Each record beneath this sentence is to be transcribed exactly as it reads.

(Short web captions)

┌──

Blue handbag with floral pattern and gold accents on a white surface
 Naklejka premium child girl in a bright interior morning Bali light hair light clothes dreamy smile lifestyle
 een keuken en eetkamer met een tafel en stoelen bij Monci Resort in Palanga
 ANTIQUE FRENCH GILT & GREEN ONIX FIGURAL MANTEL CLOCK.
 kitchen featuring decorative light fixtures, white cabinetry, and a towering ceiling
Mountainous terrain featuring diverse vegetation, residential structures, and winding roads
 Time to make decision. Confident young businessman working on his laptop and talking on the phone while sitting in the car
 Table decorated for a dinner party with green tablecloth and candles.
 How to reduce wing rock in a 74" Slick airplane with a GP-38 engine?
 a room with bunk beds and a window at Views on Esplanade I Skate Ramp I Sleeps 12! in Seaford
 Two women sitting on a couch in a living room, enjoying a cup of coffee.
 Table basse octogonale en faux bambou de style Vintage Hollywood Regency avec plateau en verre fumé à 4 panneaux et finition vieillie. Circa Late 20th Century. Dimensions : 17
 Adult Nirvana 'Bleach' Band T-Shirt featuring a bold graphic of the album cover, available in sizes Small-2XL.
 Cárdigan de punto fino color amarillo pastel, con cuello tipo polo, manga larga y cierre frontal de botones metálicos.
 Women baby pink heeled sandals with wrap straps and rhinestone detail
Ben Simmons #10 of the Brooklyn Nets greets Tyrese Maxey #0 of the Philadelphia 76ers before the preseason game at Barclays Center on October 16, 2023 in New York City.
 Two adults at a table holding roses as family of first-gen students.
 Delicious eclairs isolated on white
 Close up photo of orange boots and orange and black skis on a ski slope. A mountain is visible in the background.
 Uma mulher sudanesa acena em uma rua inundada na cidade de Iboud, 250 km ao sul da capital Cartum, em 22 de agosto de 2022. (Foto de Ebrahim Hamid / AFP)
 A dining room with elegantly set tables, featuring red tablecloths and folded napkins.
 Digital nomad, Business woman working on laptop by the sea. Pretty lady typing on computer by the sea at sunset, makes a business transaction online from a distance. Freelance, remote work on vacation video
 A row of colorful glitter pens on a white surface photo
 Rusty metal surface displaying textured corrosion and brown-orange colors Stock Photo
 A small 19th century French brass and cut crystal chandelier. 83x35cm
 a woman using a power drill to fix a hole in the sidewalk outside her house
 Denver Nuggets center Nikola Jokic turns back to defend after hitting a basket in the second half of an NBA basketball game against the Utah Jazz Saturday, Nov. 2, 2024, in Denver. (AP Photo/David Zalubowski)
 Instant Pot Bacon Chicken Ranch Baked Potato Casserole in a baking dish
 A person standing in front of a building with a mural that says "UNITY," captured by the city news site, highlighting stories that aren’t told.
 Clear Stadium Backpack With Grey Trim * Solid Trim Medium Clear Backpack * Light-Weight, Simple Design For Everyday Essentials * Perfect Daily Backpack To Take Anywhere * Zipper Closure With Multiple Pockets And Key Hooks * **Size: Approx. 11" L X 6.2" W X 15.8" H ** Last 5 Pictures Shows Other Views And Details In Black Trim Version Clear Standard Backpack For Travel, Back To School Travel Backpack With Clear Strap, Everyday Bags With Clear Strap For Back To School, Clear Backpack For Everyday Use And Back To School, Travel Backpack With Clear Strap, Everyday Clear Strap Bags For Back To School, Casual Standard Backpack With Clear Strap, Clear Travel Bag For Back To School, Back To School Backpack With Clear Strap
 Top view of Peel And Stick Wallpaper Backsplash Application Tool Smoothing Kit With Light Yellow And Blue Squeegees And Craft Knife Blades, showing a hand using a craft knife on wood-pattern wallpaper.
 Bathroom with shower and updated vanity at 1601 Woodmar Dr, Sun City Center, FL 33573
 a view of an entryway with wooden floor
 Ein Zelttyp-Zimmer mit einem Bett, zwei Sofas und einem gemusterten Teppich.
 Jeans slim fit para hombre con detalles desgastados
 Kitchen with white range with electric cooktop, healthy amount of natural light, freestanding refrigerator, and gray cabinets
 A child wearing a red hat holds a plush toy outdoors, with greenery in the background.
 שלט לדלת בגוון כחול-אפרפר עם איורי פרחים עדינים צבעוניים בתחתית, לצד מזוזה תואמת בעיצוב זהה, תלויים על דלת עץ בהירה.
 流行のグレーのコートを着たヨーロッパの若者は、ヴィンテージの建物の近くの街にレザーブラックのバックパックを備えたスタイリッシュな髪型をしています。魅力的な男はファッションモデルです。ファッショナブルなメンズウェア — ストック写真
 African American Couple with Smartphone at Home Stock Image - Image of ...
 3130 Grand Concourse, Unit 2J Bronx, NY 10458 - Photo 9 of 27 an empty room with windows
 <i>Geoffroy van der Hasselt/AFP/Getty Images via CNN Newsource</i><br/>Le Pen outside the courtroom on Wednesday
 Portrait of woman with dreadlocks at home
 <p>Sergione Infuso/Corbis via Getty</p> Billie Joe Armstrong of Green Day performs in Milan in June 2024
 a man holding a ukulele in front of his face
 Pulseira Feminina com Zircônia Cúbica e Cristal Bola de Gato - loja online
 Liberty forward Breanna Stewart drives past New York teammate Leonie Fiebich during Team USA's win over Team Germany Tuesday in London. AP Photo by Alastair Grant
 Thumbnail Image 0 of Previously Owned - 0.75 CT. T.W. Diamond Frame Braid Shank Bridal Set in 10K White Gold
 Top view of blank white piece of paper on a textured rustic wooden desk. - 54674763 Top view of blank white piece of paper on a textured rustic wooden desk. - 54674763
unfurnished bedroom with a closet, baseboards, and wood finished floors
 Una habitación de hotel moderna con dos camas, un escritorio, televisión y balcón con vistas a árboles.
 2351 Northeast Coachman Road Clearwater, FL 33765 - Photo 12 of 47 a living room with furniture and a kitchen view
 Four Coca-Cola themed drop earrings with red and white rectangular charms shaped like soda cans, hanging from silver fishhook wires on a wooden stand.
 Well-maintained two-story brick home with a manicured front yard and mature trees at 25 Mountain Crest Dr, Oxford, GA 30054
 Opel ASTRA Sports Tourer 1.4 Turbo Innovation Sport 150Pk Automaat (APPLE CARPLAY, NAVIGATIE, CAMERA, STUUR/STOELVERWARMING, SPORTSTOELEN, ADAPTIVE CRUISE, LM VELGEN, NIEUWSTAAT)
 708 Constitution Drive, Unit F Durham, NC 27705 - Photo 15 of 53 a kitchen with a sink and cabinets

└──

## SOLUTION FOR THIS TASK
Blue handbag with floral pattern and gold accents on a white surface
 Naklejka premium child girl in a bright interior morning Bali light hair light clothes dreamy smile lifestyle
 een keuken en eetkamer met een tafel en stoelen bij Monci Resort in Palanga
 ANTIQUE FRENCH GILT & GREEN ONIX FIGURAL MANTEL CLOCK.
 kitchen featuring decorative light fixtures, white cabinetry, and a towering ceiling
Mountainous terrain featuring diverse vegetation, residential structures, and winding roads
 Time to make decision. Confident young businessman working on his laptop and talking on the phone while sitting in the car
 Table decorated for a dinner party with green tablecloth and candles.
 How to reduce wing rock in a 74" Slick airplane with a GP-38 engine?
 a room with bunk beds and a window at Views on Esplanade I Skate Ramp I Sleeps 12! in Seaford
 Two women sitting on a couch in a living room, enjoying a cup of coffee.
 Table basse octogonale en faux bambou de style Vintage Hollywood Regency avec plateau en verre fumé à 4 panneaux et finition vieillie. Circa Late 20th Century. Dimensions : 17
 Adult Nirvana 'Bleach' Band T-Shirt featuring a bold graphic of the album cover, available in sizes Small-2XL.
 Cárdigan de punto fino color amarillo pastel, con cuello tipo polo, manga larga y cierre frontal de botones metálicos.
 Women baby pink heeled sandals with wrap straps and rhinestone detail
Ben Simmons #10 of the Brooklyn Nets greets Tyrese Maxey #0 of the Philadelphia 76ers before the preseason game at Barclays Center on October 16, 2023 in New York City.
 Two adults at a table holding roses as family of first-gen students.
 Delicious eclairs isolated on white
 Close up photo of orange boots and orange and black skis on a ski slope. A mountain is visible in the background.
 Uma mulher sudanesa acena em uma rua inundada na cidade de Iboud, 250 km ao sul da capital Cartum, em 22 de agosto de 2022. (Foto de Ebrahim Hamid / AFP)
 A dining room with elegantly set tables, featuring red tablecloths and folded napkins.
 Digital nomad, Business woman working on laptop by the sea. Pretty lady typing on computer by the sea at sunset, makes a business transaction online from a distance. Freelance, remote work on vacation video
 A row of colorful glitter pens on a white surface photo
 Rusty metal surface displaying textured corrosion and brown-orange colors Stock Photo
 A small 19th century French brass and cut crystal chandelier. 83x35cm
 a woman using a power drill to fix a hole in the sidewalk outside her house
 Denver Nuggets center Nikola Jokic turns back to defend after hitting a basket in the second half of an NBA basketball game against the Utah Jazz Saturday, Nov. 2, 2024, in Denver. (AP Photo/David Zalubowski)
 Instant Pot Bacon Chicken Ranch Baked Potato Casserole in a baking dish
 A person standing in front of a building with a mural that says "UNITY," captured by the city news site, highlighting stories that aren’t told.
 Clear Stadium Backpack With Grey Trim * Solid Trim Medium Clear Backpack * Light-Weight, Simple Design For Everyday Essentials * Perfect Daily Backpack To Take Anywhere * Zipper Closure With Multiple Pockets And Key Hooks * **Size: Approx. 11" L X 6.2" W X 15.8" H ** Last 5 Pictures Shows Other Views And Details In Black Trim Version Clear Standard Backpack For Travel, Back To School Travel Backpack With Clear Strap, Everyday Bags With Clear Strap For Back To School, Clear Backpack For Everyday Use And Back To School, Travel Backpack With Clear Strap, Everyday Clear Strap Bags For Back To School, Casual Standard Backpack With Clear Strap, Clear Travel Bag For Back To School, Back To School Backpack With Clear Strap
 Top view of Peel And Stick Wallpaper Backsplash Application Tool Smoothing Kit With Light Yellow And Blue Squeegees And Craft Knife Blades, showing a hand using a craft knife on wood-pattern wallpaper.
 Bathroom with shower and updated vanity at 1601 Woodmar Dr, Sun City Center, FL 33573
 a view of an entryway with wooden floor
 Ein Zelttyp-Zimmer mit einem Bett, zwei Sofas und einem gemusterten Teppich.
 Jeans slim fit para hombre con detalles desgastados
 Kitchen with white range with electric cooktop, healthy amount of natural light, freestanding refrigerator, and gray cabinets
 A child wearing a red hat holds a plush toy outdoors, with greenery in the background.
 שלט לדלת בגוון כחול-אפרפר עם איורי פרחים עדינים צבעוניים בתחתית, לצד מזוזה תואמת בעיצוב זהה, תלויים על דלת עץ בהירה.
 流行のグレーのコートを着たヨーロッパの若者は、ヴィンテージの建物の近くの街にレザーブラックのバックパックを備えたスタイリッシュな髪型をしています。魅力的な男はファッションモデルです。ファッショナブルなメンズウェア — ストック写真
 African American Couple with Smartphone at Home Stock Image - Image of ...
 3130 Grand Concourse, Unit 2J Bronx, NY 10458 - Photo 9 of 27 an empty room with windows
 <i>Geoffroy van der Hasselt/AFP/Getty Images via CNN Newsource</i><br/>Le Pen outside the courtroom on Wednesday
 Portrait of woman with dreadlocks at home
 <p>Sergione Infuso/Corbis via Getty</p> Billie Joe Armstrong of Green Day performs in Milan in June 2024
 a man holding a ukulele in front of his face
 Pulseira Feminina com Zircônia Cúbica e Cristal Bola de Gato - loja online
 Liberty forward Breanna Stewart drives past New York teammate Leonie Fiebich during Team USA's win over Team Germany Tuesday in London. AP Photo by Alastair Grant
 Thumbnail Image 0 of Previously Owned - 0.75 CT. T.W. Diamond Frame Braid Shank Bridal Set in 10K White Gold
 Top view of blank white piece of paper on a textured rustic wooden desk. - 54674763 Top view of blank white piece of paper on a textured rustic wooden desk. - 54674763
unfurnished bedroom with a closet, baseboards, and wood finished floors
 Una habitación de hotel moderna con dos camas, un escritorio, televisión y balcón con vistas a árboles.
 2351 Northeast Coachman Road Clearwater, FL 33765 - Photo 12 of 47 a living room with furniture and a kitchen view
 Four Coca-Cola themed drop earrings with red and white rectangular charms shaped like soda cans, hanging from silver fishhook wires on a wooden stand.
 Well-maintained two-story brick home with a manicured front yard and mature trees at 25 Mountain Crest Dr, Oxford, GA 30054
 Opel ASTRA Sports Tourer 1.4 Turbo Innovation Sport 150Pk Automaat (APPLE CARPLAY, NAVIGATIE, CAMERA, STUUR/STOELVERWARMING, SPORTSTOELEN, ADAPTIVE CRUISE, LM VELGEN, NIEUWSTAAT)
 708 Constitution Drive, Unit F Durham, NC 27705 - Photo 15 of 53 a kitchen with a sink and cabinets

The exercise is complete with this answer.